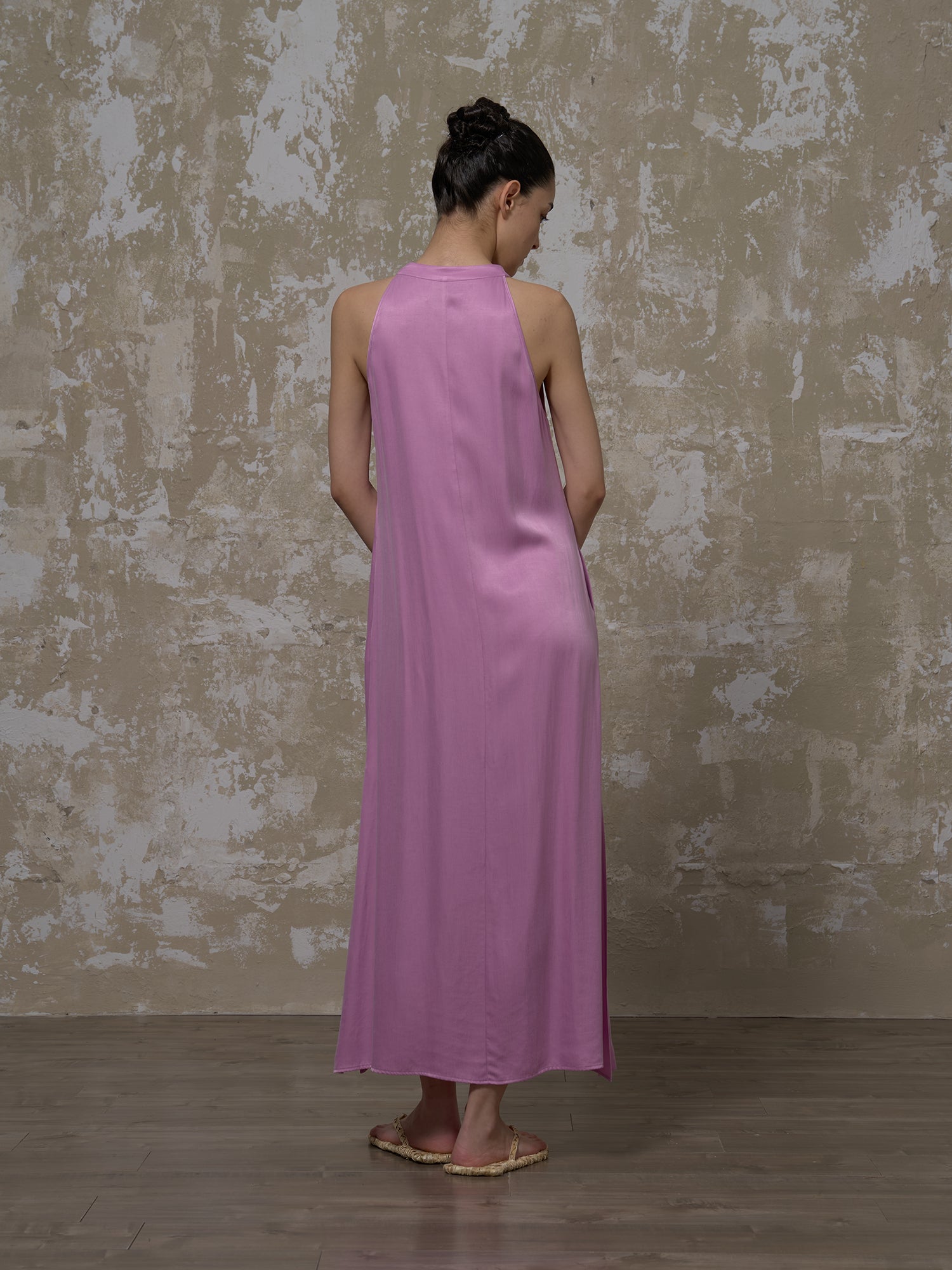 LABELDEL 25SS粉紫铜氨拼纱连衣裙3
--
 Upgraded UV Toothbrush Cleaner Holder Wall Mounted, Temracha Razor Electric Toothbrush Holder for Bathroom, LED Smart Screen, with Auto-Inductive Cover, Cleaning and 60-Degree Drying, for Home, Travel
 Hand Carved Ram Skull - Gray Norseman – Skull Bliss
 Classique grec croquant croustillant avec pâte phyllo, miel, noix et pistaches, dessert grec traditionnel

Exercise requirements: In the entries above, restate word for word the lines between the one holding "Hand Carved Ram" and the one holding "Classique grec croquant", inclusive, and nothing besides.

Solution for this problem:
 Hand Carved Ram Skull - Gray Norseman – Skull Bliss
 Classique grec croquant croustillant avec pâte phyllo, miel, noix et pistaches, dessert grec traditionnel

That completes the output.